That's what it takes to keep us safe in this world. That's the real legacy of Roosevelt and Kennedy and Truman. That's why I'm running for president of the United States of America, to restore that legacy.

UNIDENTIFIED MALE: Obama! Obama! Obama!


UNIDENTIFIED MALE: Obama! Obama! Obama!

OBAMA: We can be a party that says and does whatever it takes to win the next election. We can calculate and poll test our positions, tell everyone exactly what they want to hear. Or we can be the party that doesn't just focus on how to win but why we should.

We can tell everyone -- we can tell everyone what they need to hear about the challenges we face. We can seek to regain not just an office but the trust of the American people, that their leaders in Washington will tell them the truth. That's the choice in this election.

We can be a party of those who only think like we do and only agree with all our positions. We can continue to slice and dice this country into red states and blue states. We can exploit the divisions that exist in our country for pure political gain.

Or this time we can build on the movement we started in this campaign, a movement that's united Democrats, independents, Republicans, young, old, rich, poor, white, black, Hispanic, Asian, Native American, gay, straight, because one thing I know, from traveling 46 states this campaign season, is that we are not as divided as our politics suggest.
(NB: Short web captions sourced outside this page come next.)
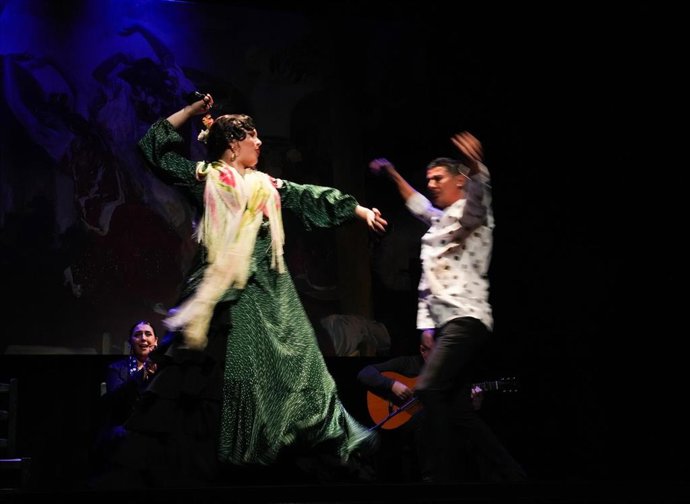 Archivo - Espectáculo flamenco.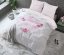 Krásne ružové bavlnené posteľné obliečky 160 x 200 cm
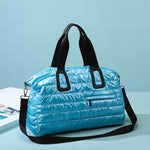 Quilted Nylon Oversize Travel Bag Cerulean One Size for a perfect OOTD – dress to impress outfits from Amexza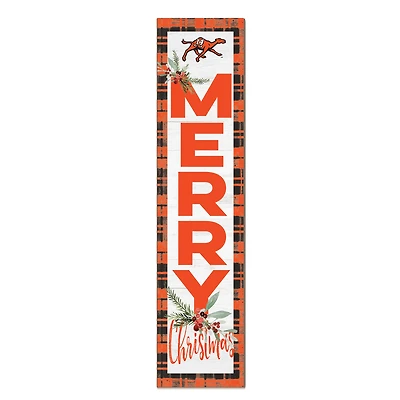 Campbell Fighting Camels 12'' x 48'' Outdoor Merry Christmas Leaner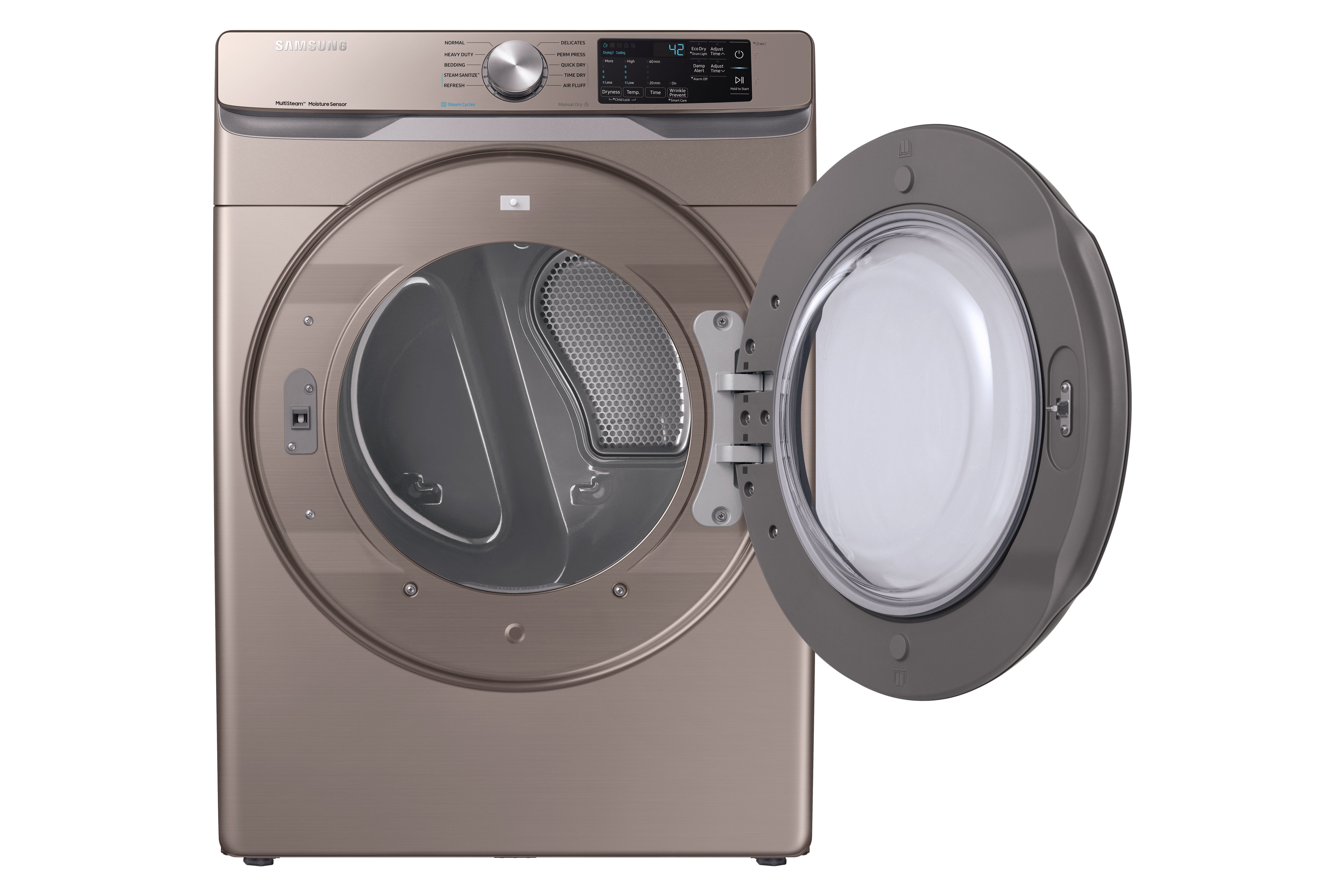 DVE45R6100C Samsung Steam Sanitize+ Dryer - 7.5 cu. ft. Champagne-3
We may have different stories, we may have different backgrounds, but we hold common hopes for the future of this country that we love.

In the end, this election is still our best chance to solve the problems we've been talking about for decades, as one nation, as one people. Fourteen months later, that is still what this election is about: millions of Americans who believe we can do better, that we must do better, that that is what's put us in the position to bring about real change.
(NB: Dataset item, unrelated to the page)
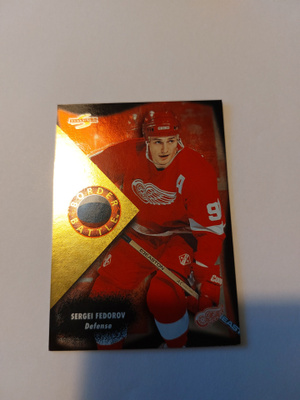 1995-96 Score Border Battle #13 Sergei Fedorov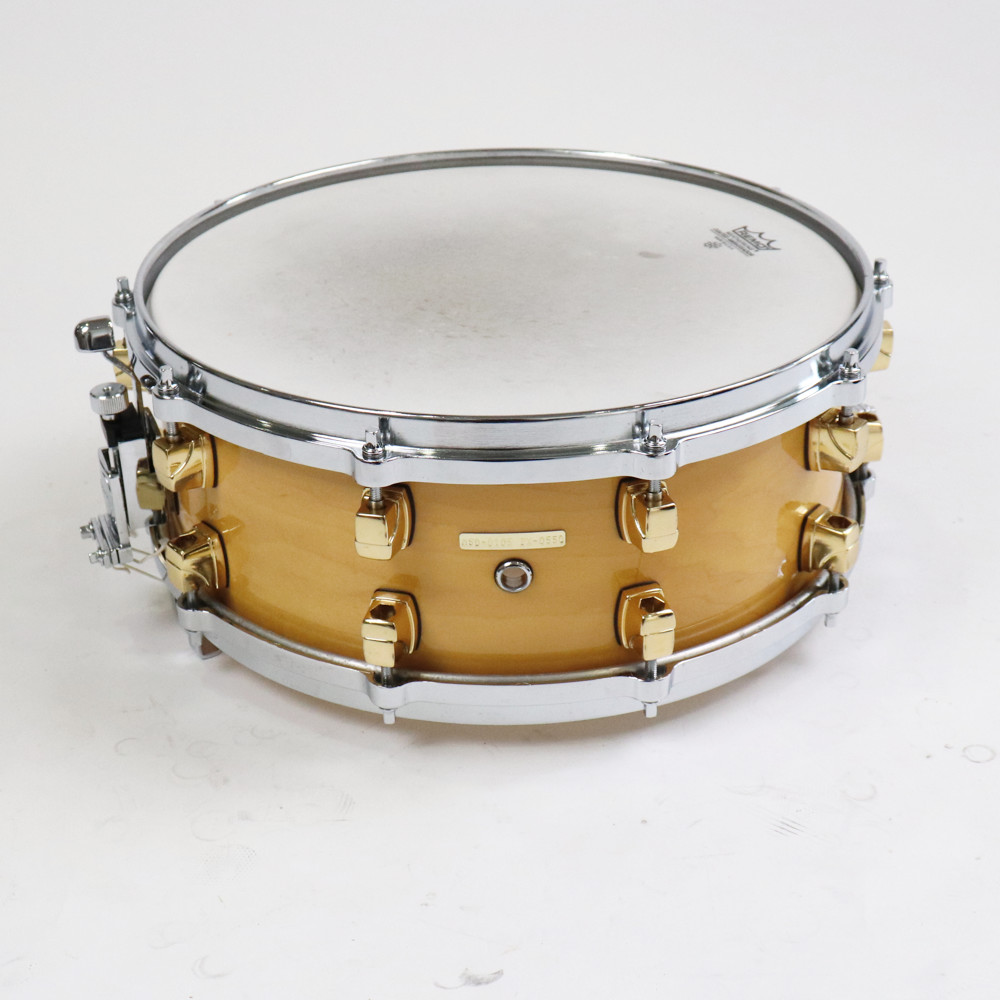 【中古】 スネアドラム ヤマハ YAMAHA MSD0105 Maple Custom 14x5.5 スネアドラム Made in Japan サイド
And now it's up to you, Evansville. Now it's up to you, Indiana. You can decide...


You can decide whether we're going to travel the same worn path or whether we will chart a new course that offers real hope for the future. During the course of this campaign, we've all learned what my wife reminds me all the time, that I'm not a perfect man. I will not be a perfect president.

And so, while I will always listen to you and be honest with you and fight for you every single day for the next four or eight years...


... I will also...


I will also, should I have the opportunity to serve as your president, ask you to be a part of the change that we need, because in my two decades of public service in this country, I have seen time and time again that real change doesn't begin in the halls of Washington, but on the streets of America.


It doesn't happen from the top down, but it happens from the bottom up.

(APPLAUSE) I also know that real change has never been easy, and it won't be easy this time either. The status quo in Washington will fight. They will fight harder than ever to divide us and distract us with ads and attacks from now until November.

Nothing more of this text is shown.